Reference no: EM133932389
Case: Lending Club Classification
Details
In this assignment, you will need to make use of the following data
Loans Data
Solve the Loan Repayment problem on pages 405-408 of the textbook.
b
For A and B parts' last question, please report accuracy, recall, F1 score, AUC respectively. The threshold for calculation is 0.5
Submission instructions:
Please remember to label your responses with question numbers.
Please try to write your responses in a markdown cell rather than using code comments or code strings (you can easily change a cell's type from "code" to "markdown," or if you're using Google Colab or VScode, you can click on "+text/+markdown").
It would be greatly appreciated if you could check your PDF file to ensure that your responses are not truncated during the file conversion.
Please share your findings in a written format. Raw code outputs of regressions and correlation tables without any written response are not preferred.
Loan Repayment
In the lending industry, investors provide loans to borrowers in exchange for the promise of repayment with interest. If the borrower repays the loan, then the lender profits from the interest. However, if the borrower is unable to repay the loan, then the lender loses money. Therefore, lenders would like to minimize the risk of a borrower being unable to repay a loan.

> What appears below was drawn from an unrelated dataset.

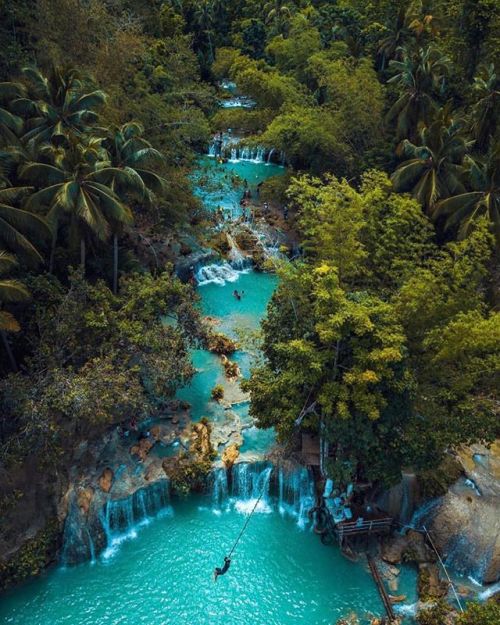 folklifestyle:
“wishing we were someplace tropical right about now, but instead, enjoy this incredible moment from @natluperte at cambugahay falls. -
what tropical destinations are on your bucket list? 🌴🐠🌊 #liveauthentic https://ift.tt/2Iqu4iA
”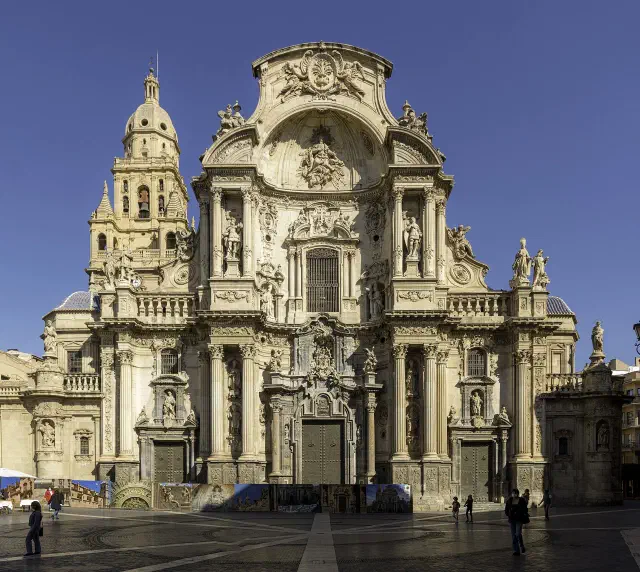 De barokke westgevel van de Catedral de Santa María in Murcia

In this exercise, we will use publicly available data from LendingClub, a website that connects borrowers and investors over the internet. The dataset is in the file Loans.csv (available in the Online Companion). There are 9,578 observations, each representing a 3-year loan that was funded through the LendingClub.com platform between May 2007 and February 2010. There are 14 variables in the dataset, described in Table 22.6. We will be trying to predict NotFullyPaid, using all of the other variables as independent variables.

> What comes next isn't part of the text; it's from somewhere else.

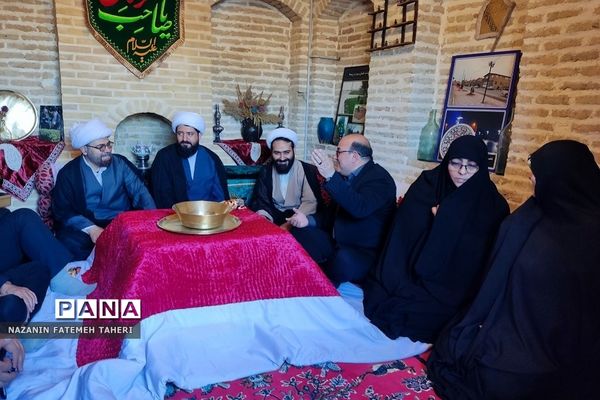 افتتاح جشنواره اقوام ایران زمین در کاروانسرای کنارگرد فشافویه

a) Let us start by building a logistic regression model.
i) First, randomly split the dataset Loans.csv into a training set and a testing set. Put 70% of the data in the training set. What is the accuracy on the test set of a simple baseline model that predicts that all loans will be paid back in full (NotFullyPaid = 0) ? Our goal will be to build a model that adds value over this simple baseline method.
ii) Now, build a logistic regression model that predicts the dependent variable NotFullyPaid using all of the other variables as independent variables. Use the training set as the data for the model. Describe your resulting model. Which of the independent variables are significant in your model?
iii) Consider two loan applications, which are identical other than the fact that the borrower in Application A has a FICO credit score of 700 while the borrower in Application B has a FICO credit score of 710. Let Logit(A) be the value of the linear logit function of loan A not being paid back in full, according to our logistic regression model, and define Logit (B) similarly for loan B. What is the value of Logit(A) - Logit(B)?
iv) Now predict the probability of the test set loans not being paid back in full. Store these predicted probabilities in a variable named PredictedRisk and add it to your test set (we will use this variable in later parts of the problem). What is the accuracy of the logistic regression model on the test set using a threshold of 0.5? How does this compare to the baseline model?
v) What is the test set AUC of the model? Given the accuracy and the AUC of the model on the test set, do you think this model could be useful to an investor to make profitable investments? Get top-notch online assignment help.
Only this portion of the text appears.